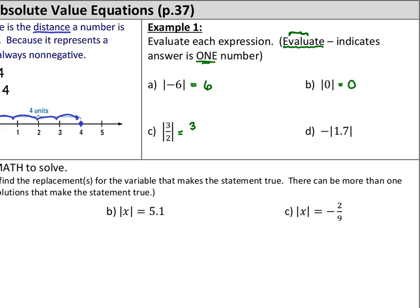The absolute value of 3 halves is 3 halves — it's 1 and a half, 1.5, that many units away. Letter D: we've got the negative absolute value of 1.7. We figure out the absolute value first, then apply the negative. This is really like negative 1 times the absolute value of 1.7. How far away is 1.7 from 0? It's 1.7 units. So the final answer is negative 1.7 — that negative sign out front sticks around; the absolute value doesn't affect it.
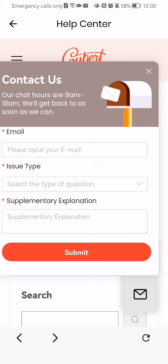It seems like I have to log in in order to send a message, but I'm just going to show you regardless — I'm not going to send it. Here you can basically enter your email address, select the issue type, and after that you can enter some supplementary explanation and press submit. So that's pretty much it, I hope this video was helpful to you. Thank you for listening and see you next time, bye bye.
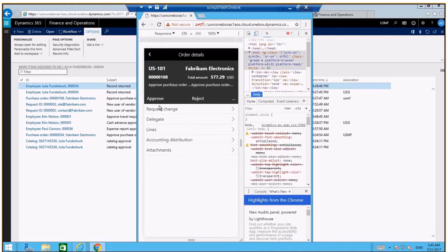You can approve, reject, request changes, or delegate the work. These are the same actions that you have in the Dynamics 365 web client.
--
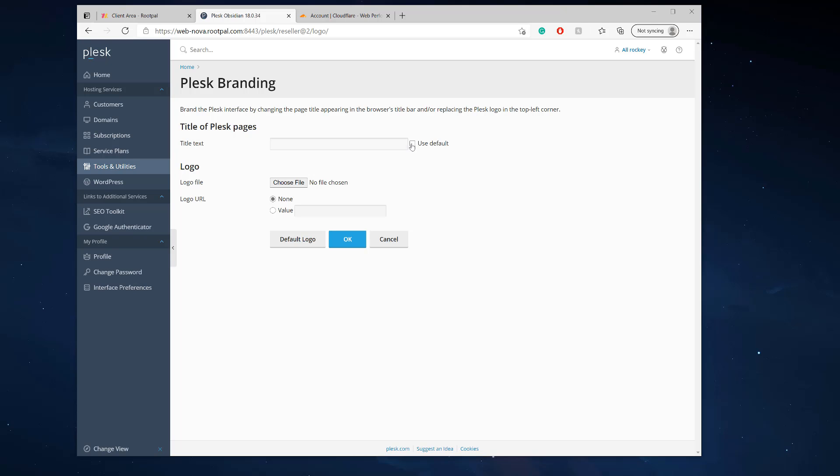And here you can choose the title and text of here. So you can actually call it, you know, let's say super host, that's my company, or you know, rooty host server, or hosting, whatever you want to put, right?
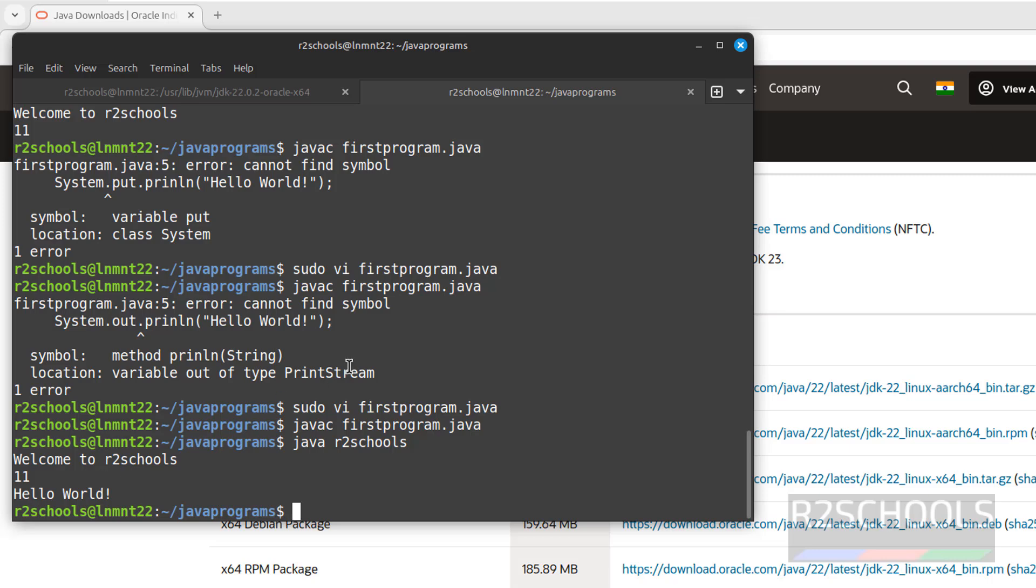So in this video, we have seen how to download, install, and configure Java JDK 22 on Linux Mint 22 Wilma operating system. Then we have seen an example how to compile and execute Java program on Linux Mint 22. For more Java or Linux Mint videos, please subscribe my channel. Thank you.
* * *
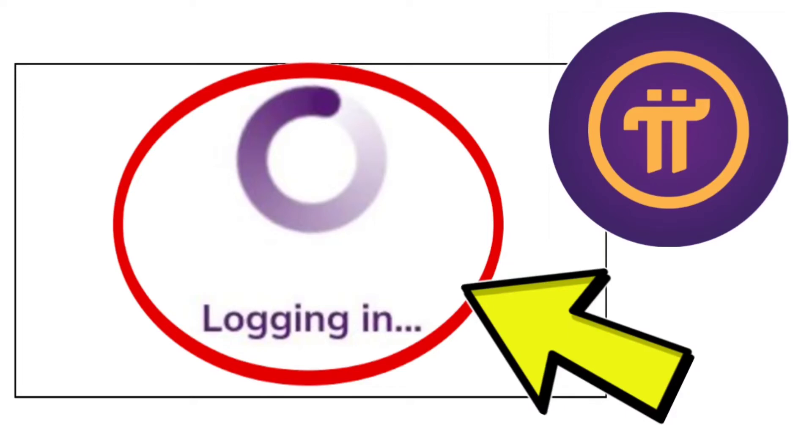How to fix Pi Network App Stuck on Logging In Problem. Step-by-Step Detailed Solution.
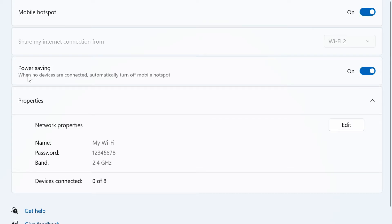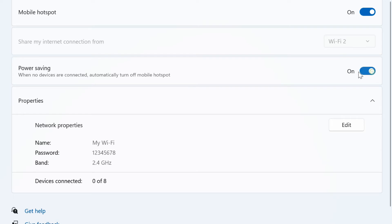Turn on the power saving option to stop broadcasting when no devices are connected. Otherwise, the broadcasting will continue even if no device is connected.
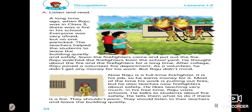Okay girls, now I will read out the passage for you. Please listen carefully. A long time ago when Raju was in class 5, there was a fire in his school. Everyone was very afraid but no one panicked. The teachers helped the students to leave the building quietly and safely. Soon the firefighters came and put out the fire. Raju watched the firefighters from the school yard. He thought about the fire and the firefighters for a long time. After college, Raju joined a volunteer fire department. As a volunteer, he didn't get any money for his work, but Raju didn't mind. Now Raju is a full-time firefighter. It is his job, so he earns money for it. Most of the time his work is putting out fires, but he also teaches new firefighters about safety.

=== EXERCISE ===
Take the entries above and copy exactly the lines starting at the one with "And here you" and ending at the one with "So in this video, we"; nothing outside that span, and no pictures.

=== YOUR SOLUTION ===
And here you can choose the title and text of here. So you can actually call it, you know, let's say super host, that's my company, or you know, rooty host server, or hosting, whatever you want to put, right?
So in this video, we have seen how to download, install, and configure Java JDK 22 on Linux Mint 22 Wilma operating system. Then we have seen an example how to compile and execute Java program on Linux Mint 22. For more Java or Linux Mint videos, please subscribe my channel. Thank you.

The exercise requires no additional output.